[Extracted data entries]

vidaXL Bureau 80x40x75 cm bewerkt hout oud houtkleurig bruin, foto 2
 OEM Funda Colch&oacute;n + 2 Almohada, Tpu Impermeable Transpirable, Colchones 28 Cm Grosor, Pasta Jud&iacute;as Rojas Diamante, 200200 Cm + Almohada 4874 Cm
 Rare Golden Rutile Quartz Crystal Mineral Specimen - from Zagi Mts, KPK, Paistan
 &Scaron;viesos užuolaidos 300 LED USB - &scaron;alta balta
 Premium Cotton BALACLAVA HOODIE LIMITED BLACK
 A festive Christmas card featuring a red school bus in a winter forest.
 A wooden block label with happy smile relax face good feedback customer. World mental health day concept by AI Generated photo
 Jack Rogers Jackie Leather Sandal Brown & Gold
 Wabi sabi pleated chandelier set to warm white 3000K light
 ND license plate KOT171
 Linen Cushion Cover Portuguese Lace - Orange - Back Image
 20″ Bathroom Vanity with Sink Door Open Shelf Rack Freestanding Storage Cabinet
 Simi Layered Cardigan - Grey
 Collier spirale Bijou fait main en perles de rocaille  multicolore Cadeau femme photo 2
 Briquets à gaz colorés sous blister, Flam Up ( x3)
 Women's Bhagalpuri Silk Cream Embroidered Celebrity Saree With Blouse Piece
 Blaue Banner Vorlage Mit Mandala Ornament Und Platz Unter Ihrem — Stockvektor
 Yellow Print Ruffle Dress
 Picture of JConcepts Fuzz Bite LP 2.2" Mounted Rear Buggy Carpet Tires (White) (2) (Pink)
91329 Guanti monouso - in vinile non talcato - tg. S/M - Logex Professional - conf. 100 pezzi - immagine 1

__What to produce__. Copy all the entries exactly.

__Answer area__.
vidaXL Bureau 80x40x75 cm bewerkt hout oud houtkleurig bruin, foto 2
 OEM Funda Colch&oacute;n + 2 Almohada, Tpu Impermeable Transpirable, Colchones 28 Cm Grosor, Pasta Jud&iacute;as Rojas Diamante, 200200 Cm + Almohada 4874 Cm
 Rare Golden Rutile Quartz Crystal Mineral Specimen - from Zagi Mts, KPK, Paistan
 &Scaron;viesos užuolaidos 300 LED USB - &scaron;alta balta
 Premium Cotton BALACLAVA HOODIE LIMITED BLACK
 A festive Christmas card featuring a red school bus in a winter forest.
 A wooden block label with happy smile relax face good feedback customer. World mental health day concept by AI Generated photo
 Jack Rogers Jackie Leather Sandal Brown & Gold
 Wabi sabi pleated chandelier set to warm white 3000K light
 ND license plate KOT171
 Linen Cushion Cover Portuguese Lace - Orange - Back Image
 20″ Bathroom Vanity with Sink Door Open Shelf Rack Freestanding Storage Cabinet
 Simi Layered Cardigan - Grey
 Collier spirale Bijou fait main en perles de rocaille  multicolore Cadeau femme photo 2
 Briquets à gaz colorés sous blister, Flam Up ( x3)
 Women's Bhagalpuri Silk Cream Embroidered Celebrity Saree With Blouse Piece
 Blaue Banner Vorlage Mit Mandala Ornament Und Platz Unter Ihrem — Stockvektor
 Yellow Print Ruffle Dress
 Picture of JConcepts Fuzz Bite LP 2.2" Mounted Rear Buggy Carpet Tires (White) (2) (Pink)
91329 Guanti monouso - in vinile non talcato - tg. S/M - Logex Professional - conf. 100 pezzi - immagine 1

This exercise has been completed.